I'm currently working on tightening security by reviewing which accounts are members of the 'Domain Admins' group in our Active Directory. We have a lot of these accounts, mostly service accounts that perform specific tasks such as reading from a SQL database on a server named sqldb01 and running a script that exports data to an Excel file on fileserver2.
These service accounts have complex passwords that never expire, and we securely store them in our password safe. Normally, we assign these accounts the necessary database access and file permissions on the fileserver, but it seems they only work if we make them domain admins, which we want to avoid.
I'm looking for guidance on how to accurately determine the permissions needed for each service account.
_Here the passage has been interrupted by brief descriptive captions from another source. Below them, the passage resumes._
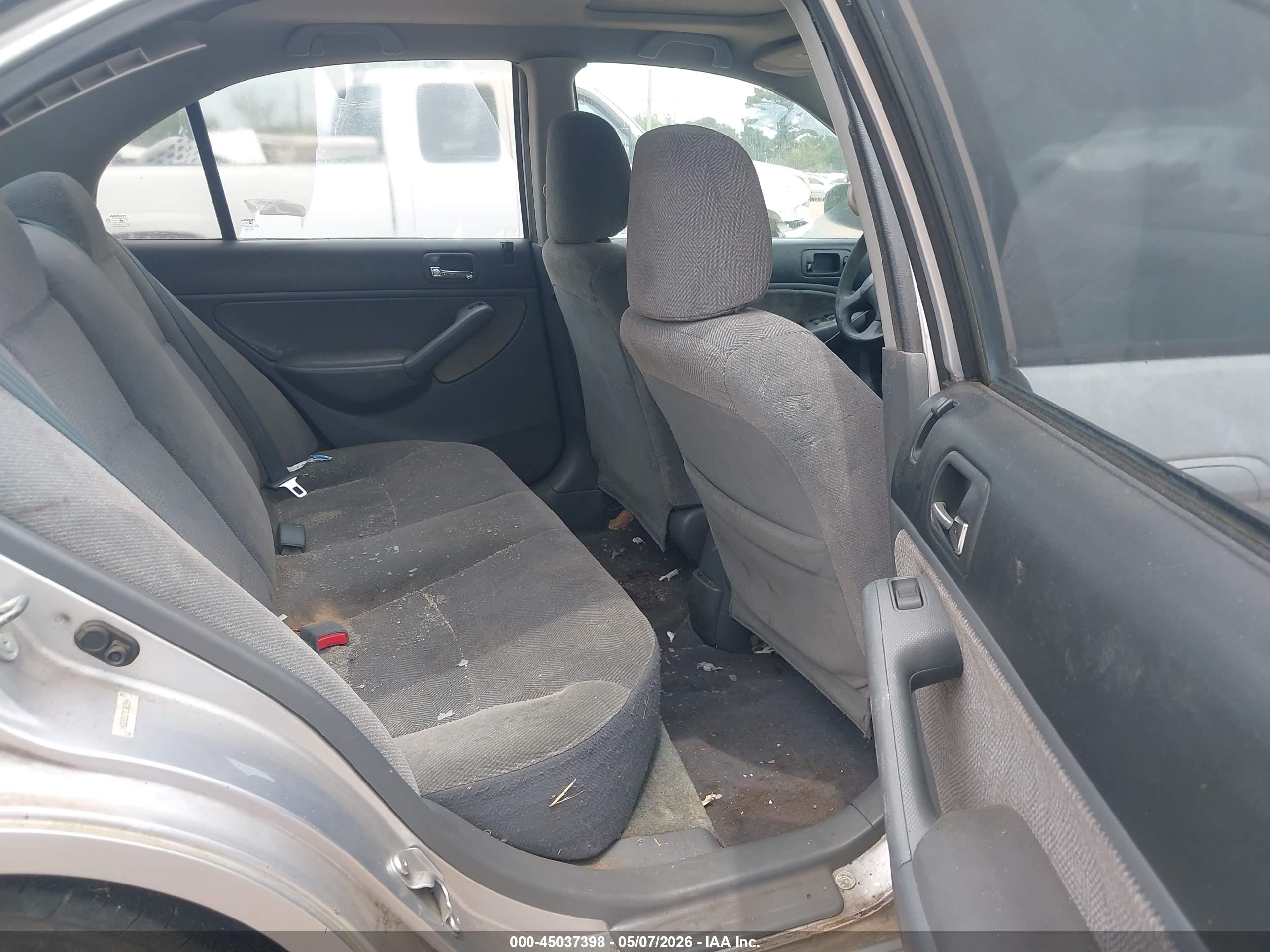 HONDA CIVIC image 8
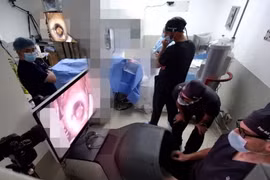 Các bác sỹ sử dụng nền tảng Jasper để thực hiện phẫu thuật đục thủy tinh cho nữ bệnh nhân. (Ảnh: ForSight)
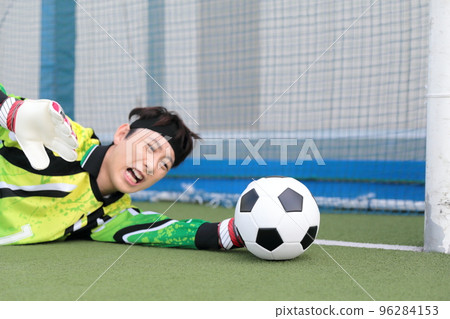 守衛足球目標的守門員 96284153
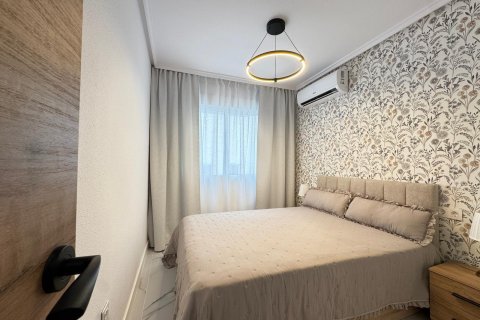 Apartamento en venta Torrevieja, Alicante, España 4 dormitorios, 105 m2 No. 127339 - foto 14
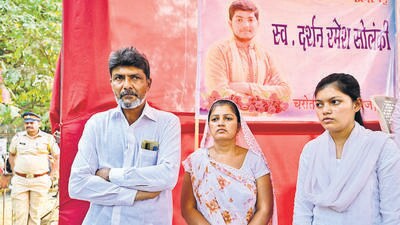 Mumbai, India - March 04, 2023: Ramesh Solanki, father of deceased 18-year-old Dalit student Darshan Solanki, Tarlika (Mother of Darshan) and Janhvi (Sister of Darshan), during the agitation led by ex-MP Bhalchandra Mungekar along with ex-MP Hussain Dalwai, SFI, RPI (Secular) other student organizations, seeking justice for 18-year-old Dalit student who died by suicide on February 12 inside IIT Bombay at Azad Maidan, in Mumbai, India, on Saturday, March 04, 2023. (Photo by Anshuman Poyrekar/Hindustan Times) (Anshuman Poyrekar/HT PHOTO) Mumbai, India - March 04, 2023: Ramesh Solanki, father of deceased 18-year-old Dalit student Darshan Solanki, Tarlika (Mother of Darshan) and Janhvi (Sister of Darshan), during the agitation led by ex-MP Bhalchandra Mungekar along with ex-MP Hussain Dalwai, SFI, RPI (Secular) other student organizations, seeking justice for 18-year-old Dalit student who died by suicide on February 12 inside IIT Bombay at Azad Maidan, in Mumbai, India, on Saturday, March 04, 2023. (Photo by Anshuman Poyrekar/Hindustan Times) (Anshuman Poyrekar/HT PHOTO)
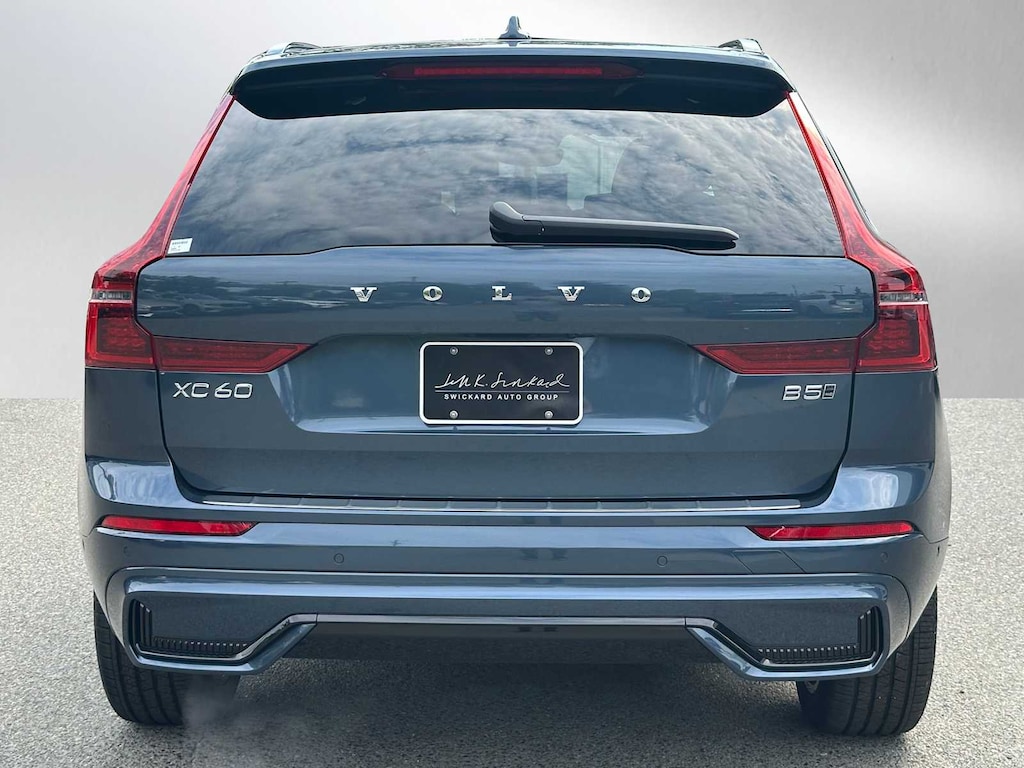 New 2026 Volvo XC60 B5 Plus SUV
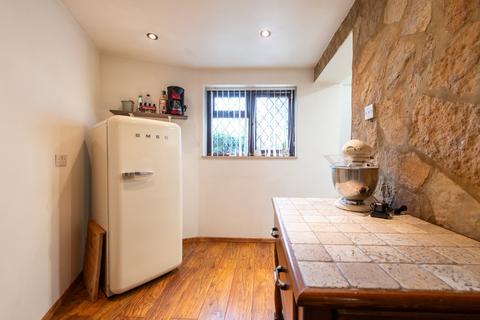 1 Ifield Way, Gravesend, DA12 5UA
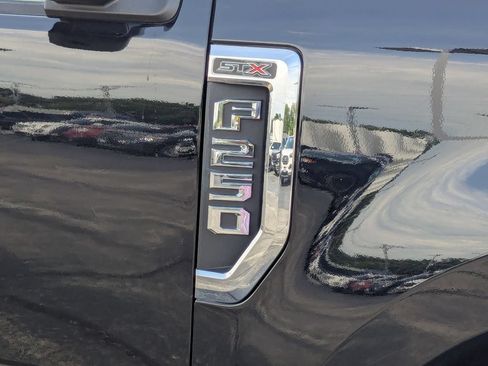 Used 2018 Ford F250 XL w/ STX Appearance Package AWD/4WD image 24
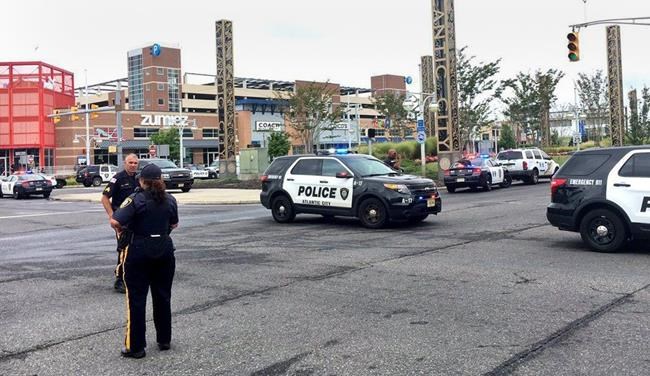 Cops: Shooter kills man, turns gun on himself at outlet mall | iNFOnews.ca CP662187169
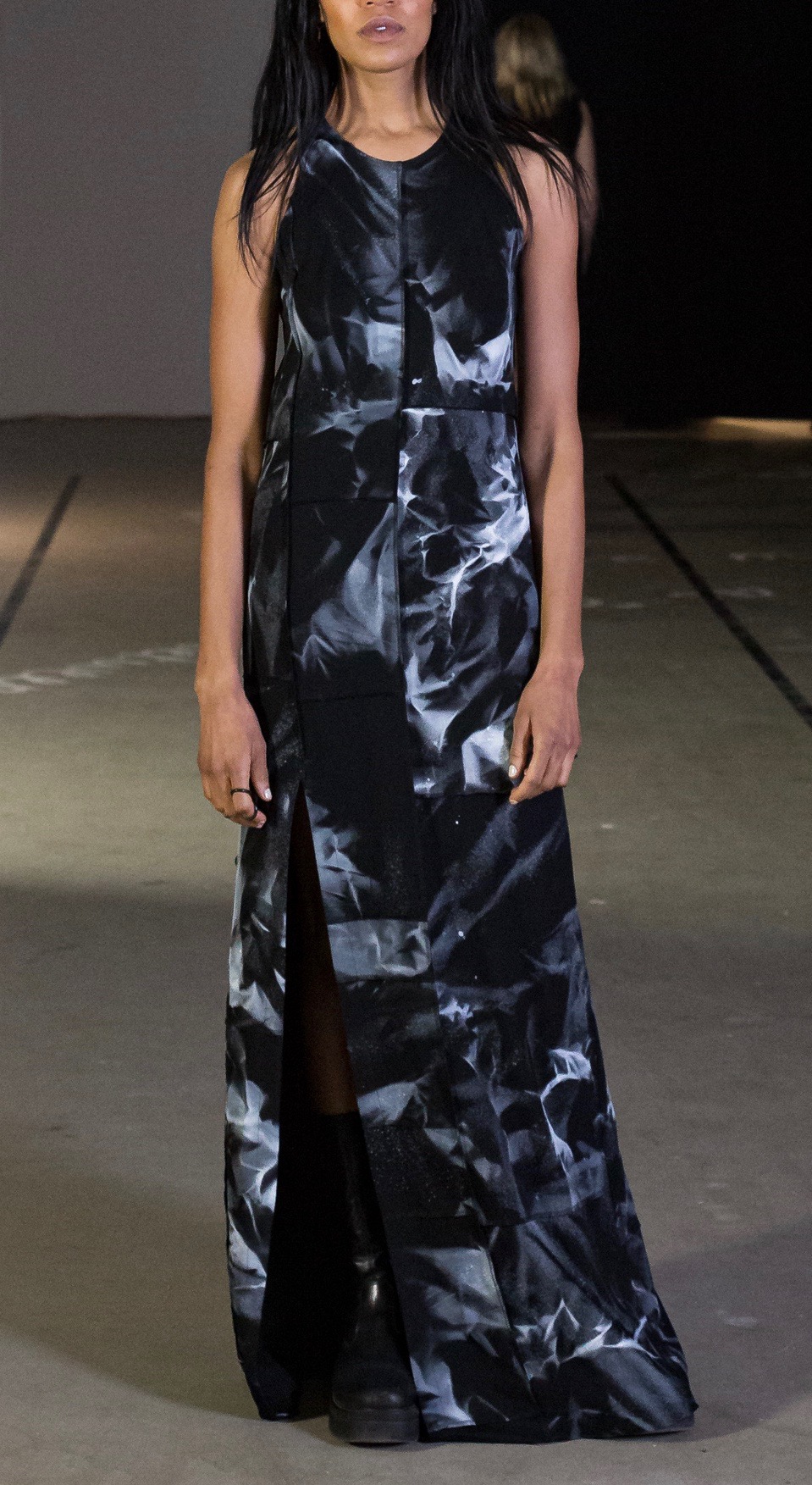 LONG RACING NO-WASTE DRESS Sleeveless - 4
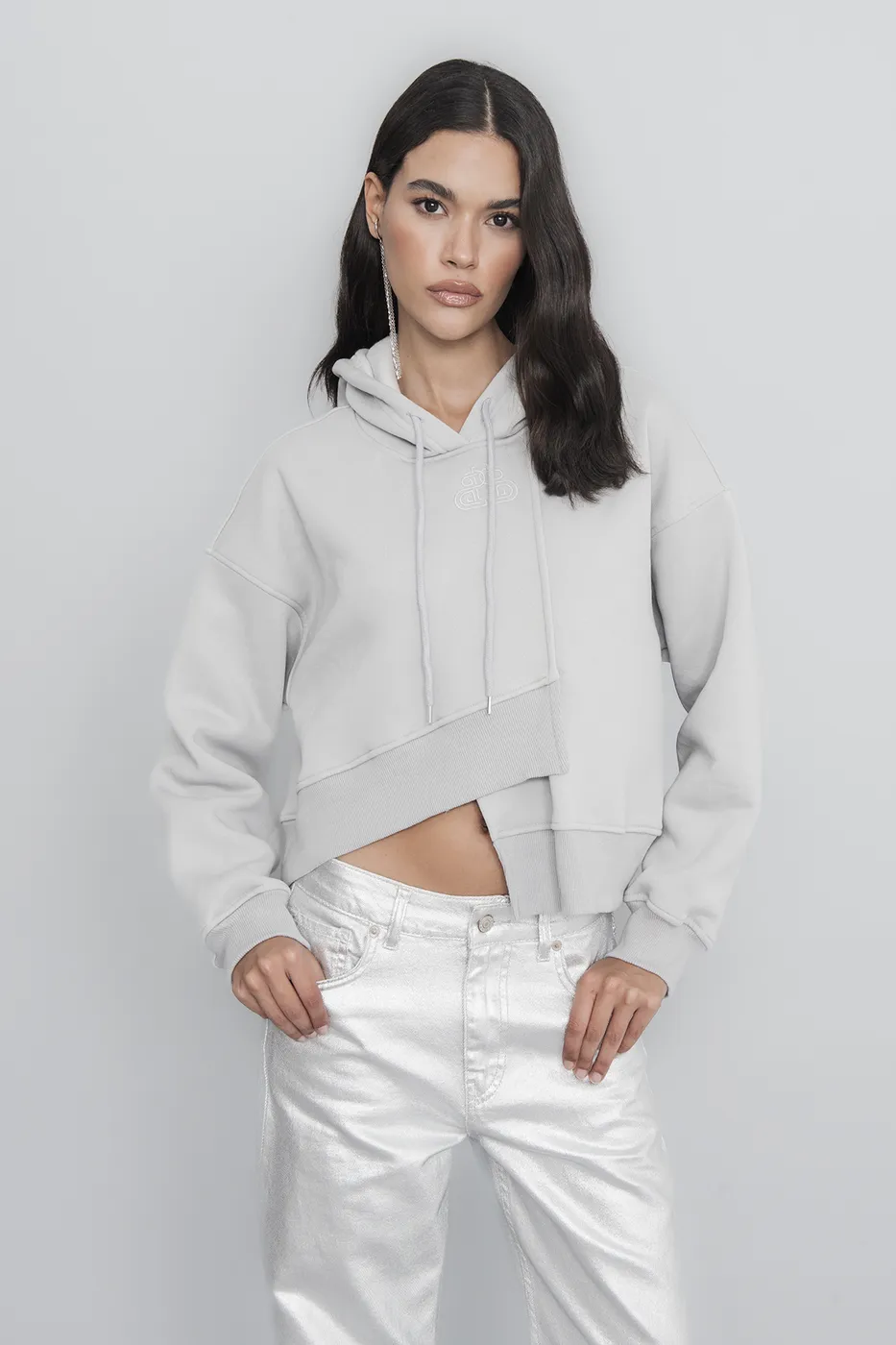 Bayan Gri Kapüşonlu Nakış Detaylı Şardonlu Sweatshirt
Ideally, I want a way to track the actions of these service accounts during their operations to troubleshoot where they get blocked and understand why.
4 Answers
There's a misunderstanding here. No service account should ever need domain admin rights, so let's avoid that route! Instead, focus on giving precise permissions based on the service's executing context. Ideally, try using a Group Service Managed Account (GSMA) for this. If not possible, make sure to set permissions for the service’s user context correctly.
Hmm... not sure what else to add, but I feel for you; permission issues can get really complicated!
For the task you've described, the service account should need read and connect permissions on the SQL database. Also, don’t forget that it needs write access on the specific Excel file to export data properly. This is the essential starting point.
Just a heads up, depending on the application, your service account might need access to local folders as well. Granting local admin privileges to the service account can be a quick fix, although it’s not the best for security. Also, check if it needs access to specific files or folders on other servers to avoid issues.
We already have those permissions set up, but it still doesn’t work. It’s confusing because it seems like there’s always some permission missing unless we give the account domain admin access, which isn’t what we want to keep doing. I suspect it might be getting hung up due to permissions we just can’t pinpoint.